**INFORMATION PROVIDED**
_ _ _
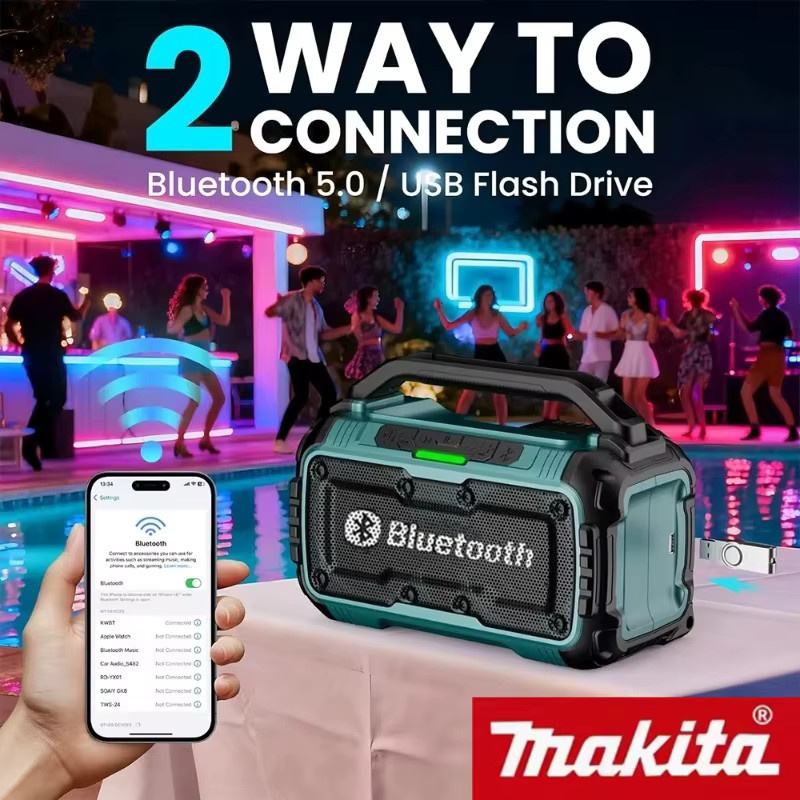 Makita Bluetooth-Lautsprecher mit USB-C-Anschluss und Stereo-Surround-Funktion für 18V Akku-Werkzeuge - Bild 2
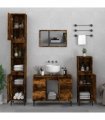 vidaXL 3 Piece Bathroom Furniture Set Smoked Oak Engineered Wood — V0671964221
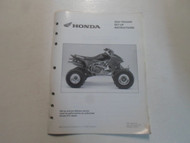2004 Honda TRX450R ATV Set Up Instructions Manual LOOSE LEAF MINOR STAINS OEM 04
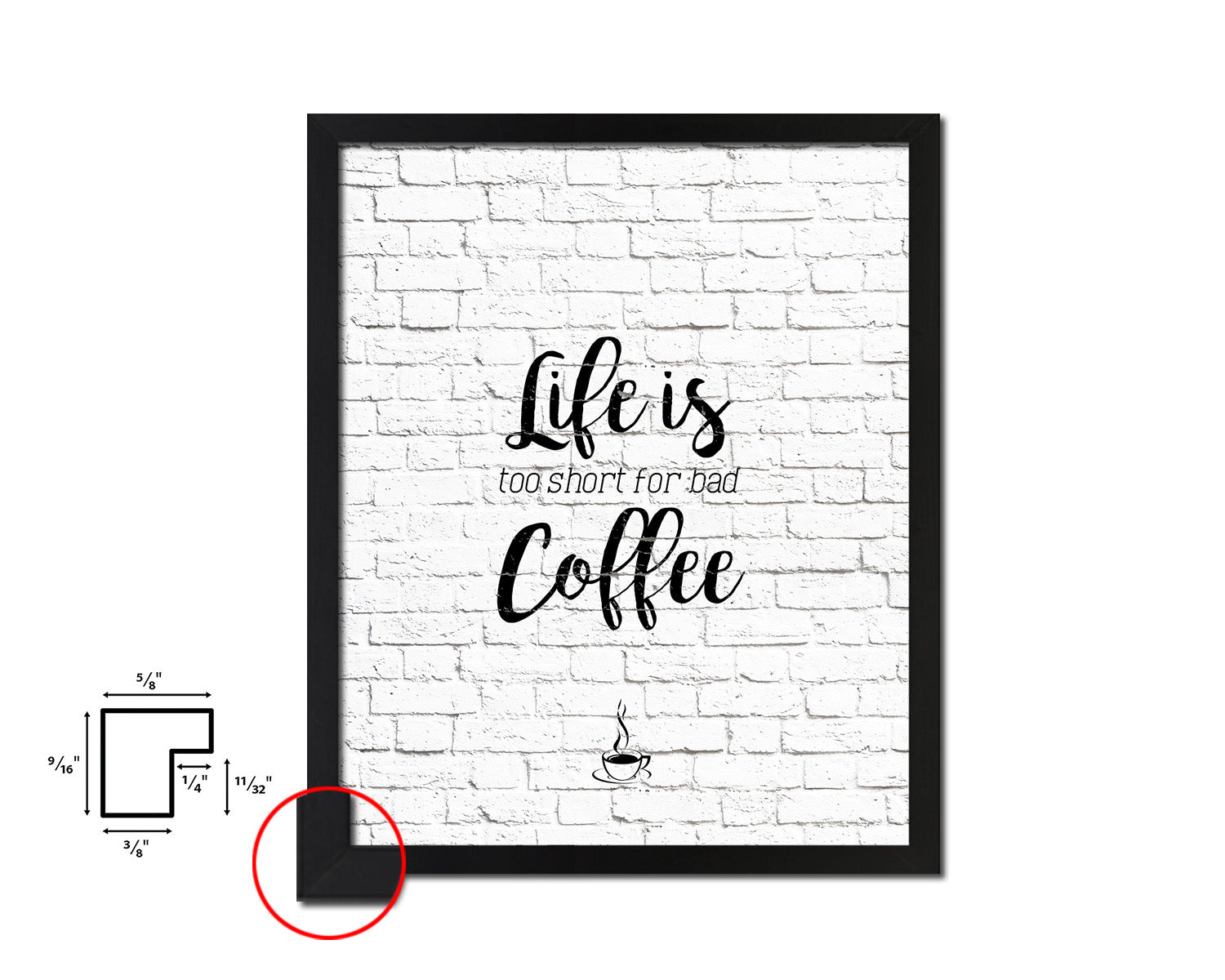 Life is what happens between coffee&wine Quote Framed Artwork Print Wall Decor Art Gifts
_ _ _
**WHAT YOU SHOULD DO**
Pictures excluded, copy exactly the lines running from the one with "vidaXL 3 Piece" through the last line of the material.

**YOUR RESPONSE**
 vidaXL 3 Piece Bathroom Furniture Set Smoked Oak Engineered Wood — V0671964221
2004 Honda TRX450R ATV Set Up Instructions Manual LOOSE LEAF MINOR STAINS OEM 04
 Life is what happens between coffee&wine Quote Framed Artwork Print Wall Decor Art Gifts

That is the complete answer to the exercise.